Showing posts with label SPP. Show all posts
Showing posts with label SPP. Show all posts

Saturday, August 25, 2007

Between a rock and a hard place


I've tried to avoid the subject of undercover police at Montebello. But after seeing the way they have been dragged through the mud by the pathological anti-prosperity protest-freaks and pistol-whipped by the media, I can't keep silent any longer.

These everyday heroes were just doing their dangerous and important job - infiltrating criminal and violent organizations to prevent serious malfeasance - such as willfully damaging property and assaulting police officers with rocks. The gangs and riff-raff that call themselves protesters should be glad these brave men were there to prevent violence and preserve the peace.

The undercover officers also increased the size of their pathetic protests. In addition to the Sûreté du Québec, the RCMP tactical squad was undercover as a training exercise, undercover Vancouver Police officers and Blackwater contractors were there to practice roles for 2010 security, the US Secret Service and Minneapolis police went undercover to dry run for the 2008 GOP convention, Mexico had their undercover Federales there for crowd control training, and Chinese national undercover officers were also at Montebello to explore tactics for dealing with foreign protesters at the 2008 Olympics. All the undercover training was coordinated by Shin Bet which is the world leader in violent crowd control.

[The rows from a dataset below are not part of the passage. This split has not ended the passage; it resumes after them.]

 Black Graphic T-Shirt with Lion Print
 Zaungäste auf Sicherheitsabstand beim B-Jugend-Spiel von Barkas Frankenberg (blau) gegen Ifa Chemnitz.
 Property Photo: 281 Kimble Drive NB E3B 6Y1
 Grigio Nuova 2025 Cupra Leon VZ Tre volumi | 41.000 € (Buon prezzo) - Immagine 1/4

The so-called "union leaders" were police assets as well - participating in an insitu roleplay of how to handle the exposure of undercover officers participating in a demonstration. In fact, if you subtract all the undercover security, there were probably only twelve actual demonstrators. I know because in addition to being the summit host I was overseeing all conference security from our new $100 million portable hot room. The assets from all the various agencies were identified on the big situation board along with protester movements.

The Summit was about international security partnerships so the anarcho-freaks had to expect that we would practice what we were preaching. As usual the lazy crypto-socialist media got it all wrong - berating the undercover police for being amateurish and incompetent when in fact everything went perfectly according to plan.

Thursday, August 23, 2007

Follow the beans


The media are an ass - aka idiot - they give me hives. I try to quarantine them, I try to re-educate them, I try to limit their influence on my new government of Canada but they always sink to new depths.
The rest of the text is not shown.